• **Work instruction**
Word for word, the data below must be repeated in full; no picture is to be included.

• **Extracted records**
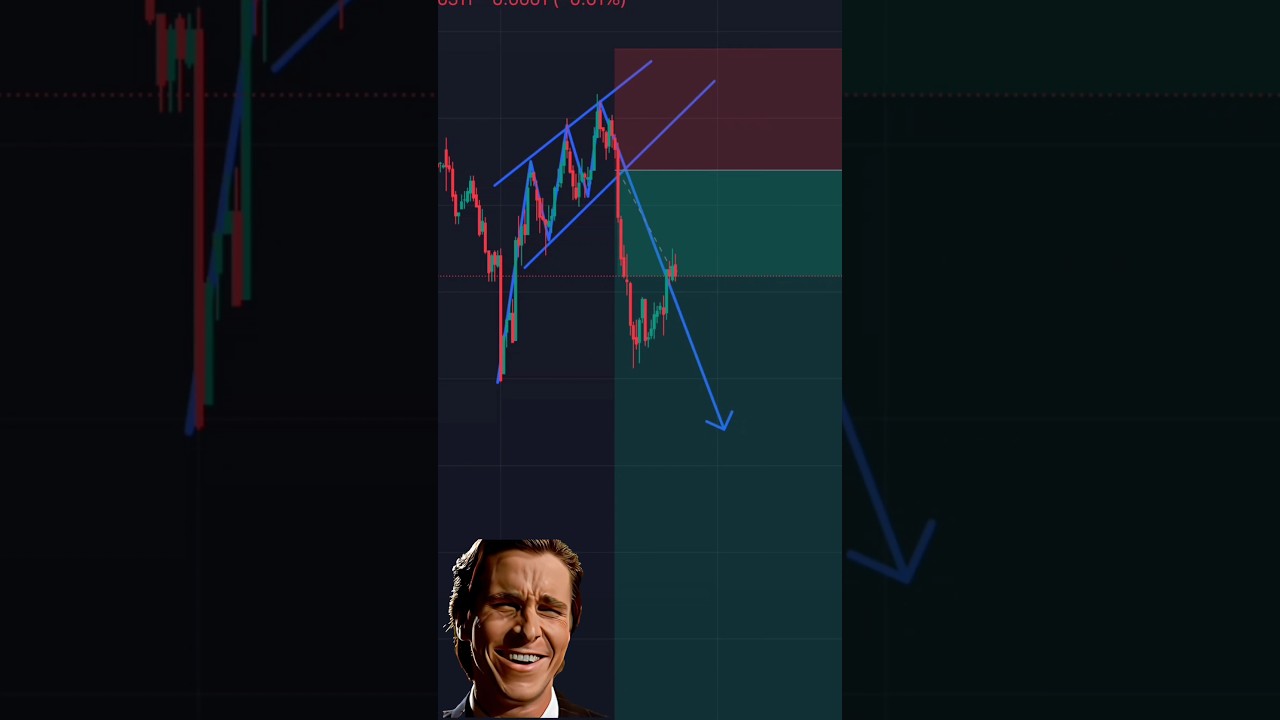 Olymp Trade Basics: Easy Strategy for Beginners! 📈💡 #OlympTrade #TradingTips #FinanceMadeSimple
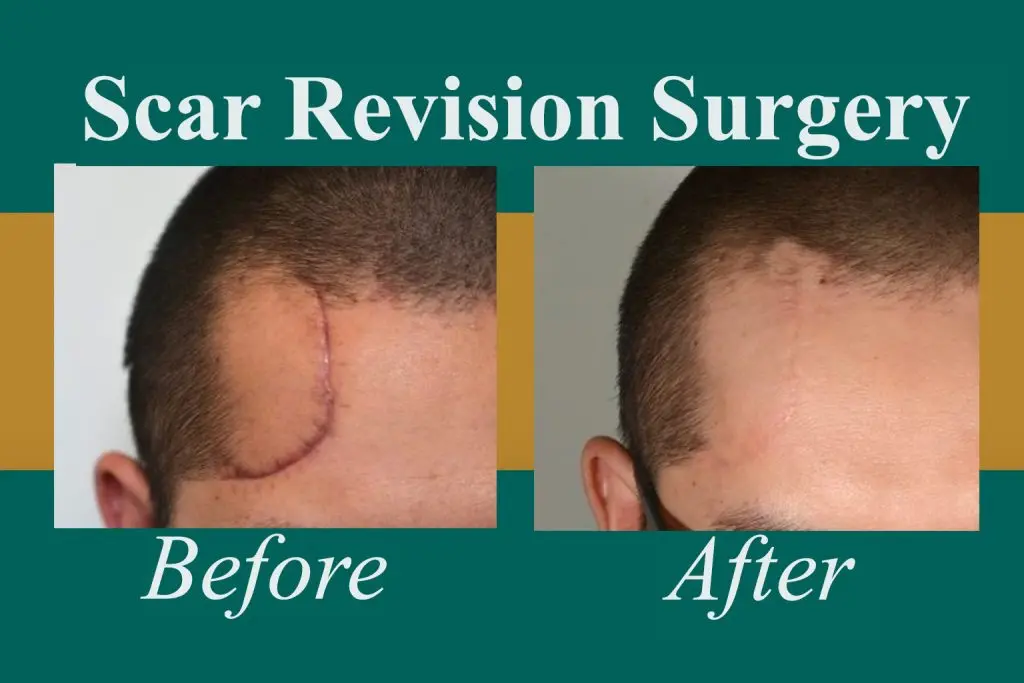 After Treatment
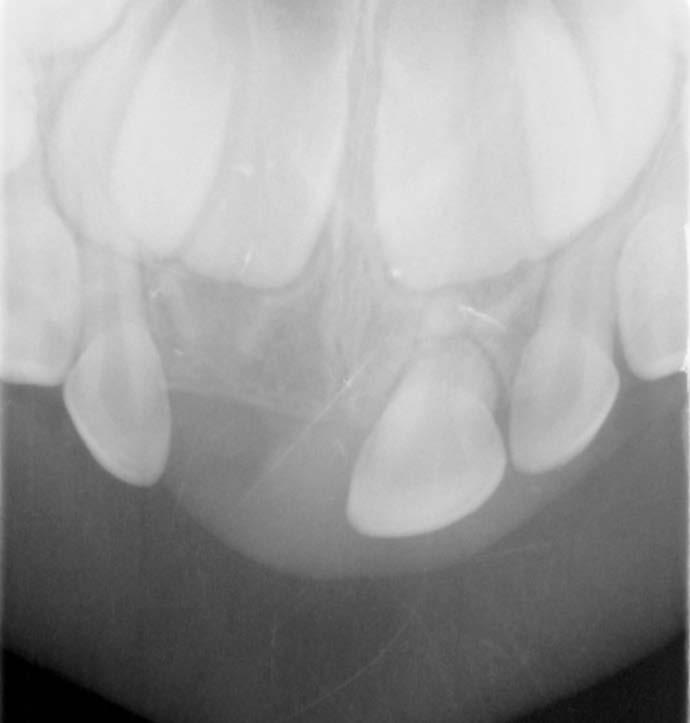 Kontrolne zdjęcie RTG po 2 latach od urazu wykazało wyraźne zaokrąglenie brzegów zarówno fragmentu wierzchołkowego, jak i fragmentu koronowego korzenia zęba 61 (ryc. 4).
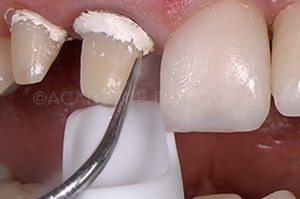 empreinte dentaire expasyl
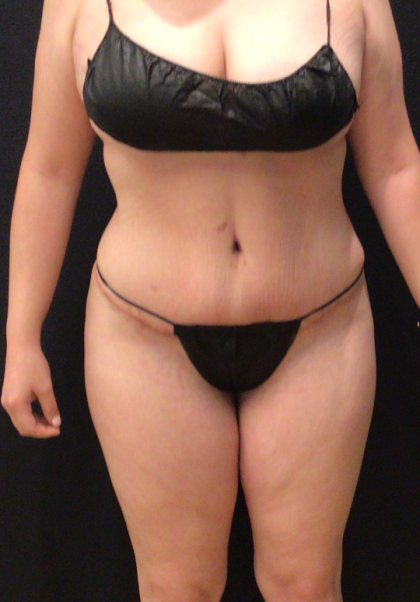 Miami Makeover Before & After Patient #12241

• **Your response**
 Olymp Trade Basics: Easy Strategy for Beginners! 📈💡 #OlympTrade #TradingTips #FinanceMadeSimple
 After Treatment
 Kontrolne zdjęcie RTG po 2 latach od urazu wykazało wyraźne zaokrąglenie brzegów zarówno fragmentu wierzchołkowego, jak i fragmentu koronowego korzenia zęba 61 (ryc. 4).
 empreinte dentaire expasyl
 Miami Makeover Before & After Patient #12241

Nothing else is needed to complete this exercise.